Molecular Plant Physiology, Institute of Environmental Biology, Utrecht University, 3584 CH, Utrecht, The Netherlands.
Theoretical Biology and Bioinformatics, Department of Biology, Utrecht University, 3584 CH, Utrecht, The Netherlands.
RNA. 2019 Mar;25(3):292-304. doi: 10.1261/rna.067983.118. Epub 2018 Dec 19.
Eukaryotic mRNAs contain a 5' leader sequence preceding the main open reading frame (mORF) and, depending on the species, 20%-50% of eukaryotic mRNAs harbor an upstream ORF (uORF) in the 5' leader. An unknown fraction of these uORFs encode sequence conserved peptides (conserved peptide uORFs, CPuORFs). Experimentally validated CPuORFs demonstrated to regulate the translation of downstream mORFs often do so in a metabolite concentration-dependent manner. Previous research has shown that most CPuORFs possess a start codon context suboptimal for translation initiation, which turns out to be favorable for translational regulation. The suboptimal initiation context may even include non-AUG start codons, which makes CPuORFs hard to predict. For this reason, we developed a novel pipeline to identify CPuORFs unbiased of start codon using well-annotated sequence data from 31 eudicot plant species and rice. Our new pipeline was able to identify 29 novel CPuORFs, conserved across a wide variety of eudicot species of which 15 do not initiate with an AUG start codon. In addition to CPuORFs, the pipeline was able to find 14 conserved coding regions directly upstream and in frame with the mORF, which likely initiate translation on a non-AUG start codon. Altogether, our pipeline identified highly conserved coding regions in the 5' leaders of transcripts, including in genes with proven functional importance such as , a key regulator of the circadian clock, and the subunit of the target of rapamycin (TOR) kinase.

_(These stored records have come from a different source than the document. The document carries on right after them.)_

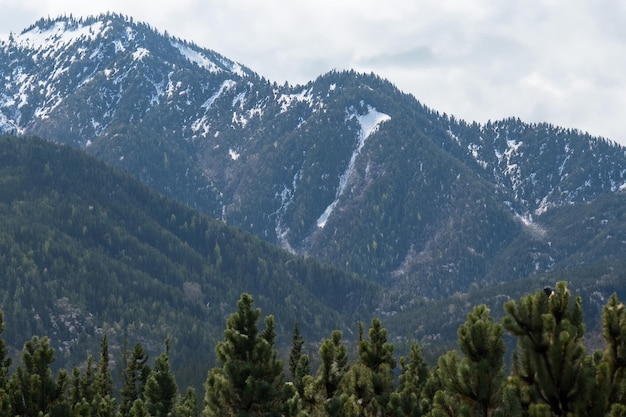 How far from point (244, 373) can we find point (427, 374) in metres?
37.1

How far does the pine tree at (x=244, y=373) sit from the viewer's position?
134ft

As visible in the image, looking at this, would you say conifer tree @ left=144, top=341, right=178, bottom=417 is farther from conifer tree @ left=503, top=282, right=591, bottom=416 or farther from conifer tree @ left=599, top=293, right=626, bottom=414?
conifer tree @ left=503, top=282, right=591, bottom=416

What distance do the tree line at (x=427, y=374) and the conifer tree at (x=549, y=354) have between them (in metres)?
0.03

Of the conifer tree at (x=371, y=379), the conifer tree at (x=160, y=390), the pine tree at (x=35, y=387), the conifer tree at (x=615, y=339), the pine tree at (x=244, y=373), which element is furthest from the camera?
the conifer tree at (x=160, y=390)

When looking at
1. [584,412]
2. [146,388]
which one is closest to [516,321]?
[584,412]

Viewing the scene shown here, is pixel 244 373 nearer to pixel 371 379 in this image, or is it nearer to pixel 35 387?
pixel 35 387

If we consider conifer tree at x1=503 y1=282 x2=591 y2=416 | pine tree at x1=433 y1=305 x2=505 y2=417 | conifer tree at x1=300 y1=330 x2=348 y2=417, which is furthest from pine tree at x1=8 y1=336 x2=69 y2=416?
conifer tree at x1=503 y1=282 x2=591 y2=416

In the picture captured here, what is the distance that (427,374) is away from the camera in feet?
246

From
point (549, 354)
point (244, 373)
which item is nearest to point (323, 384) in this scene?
point (244, 373)

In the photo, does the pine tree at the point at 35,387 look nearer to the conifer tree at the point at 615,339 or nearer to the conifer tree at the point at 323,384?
the conifer tree at the point at 323,384

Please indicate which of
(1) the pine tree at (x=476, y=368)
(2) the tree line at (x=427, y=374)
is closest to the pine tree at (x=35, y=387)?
(2) the tree line at (x=427, y=374)

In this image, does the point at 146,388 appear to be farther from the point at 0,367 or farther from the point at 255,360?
the point at 255,360

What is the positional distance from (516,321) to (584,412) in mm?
3115

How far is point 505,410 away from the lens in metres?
27.4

真核生物的 mRNA 在主要开放阅读框(mORF)之前含有 5' 先导序列,并且根据物种的不同,20%-50%的真核生物 mRNA 在 5' 先导区含有上游开放阅读框(uORF)。这些 uORF 中有一部分未知的编码序列保守肽(保守肽 uORF,CPuORFs)。经过实验验证的 CPuORFs 被证明可以调节下游 mORF 的翻译,通常是以代谢物浓度依赖的方式进行调节。先前的研究表明,大多数 CPuORFs 具有不利于翻译起始的起始密码子上下文,这对于翻译调控是有利的。这种非最佳起始上下文甚至可能包括非 AUG 起始密码子,这使得 CPuORFs 难以预测。出于这个原因,我们开发了一种新的基于注释序列数据的无偏向性识别 CPuORFs 的方法,该方法使用了来自 31 种真双子叶植物和水稻的 well-annotated 序列数据。我们的新方法能够识别 29 个新的 CPuORFs,它们在广泛的真双子叶植物物种中保守,其中 15 个不以 AUG 起始密码子开始。除了 CPuORFs 之外,该方法还能够找到 14 个直接位于 mORF 上游并与之框内的保守编码区,这些编码区可能以非 AUG 起始密码子开始翻译。总的来说,我们的方法能够识别出转录物 5' 先导区中高度保守的编码区,包括那些具有已证明功能重要性的基因,如 ,生物钟的关键调节剂,以及雷帕霉素(TOR)激酶的 亚基。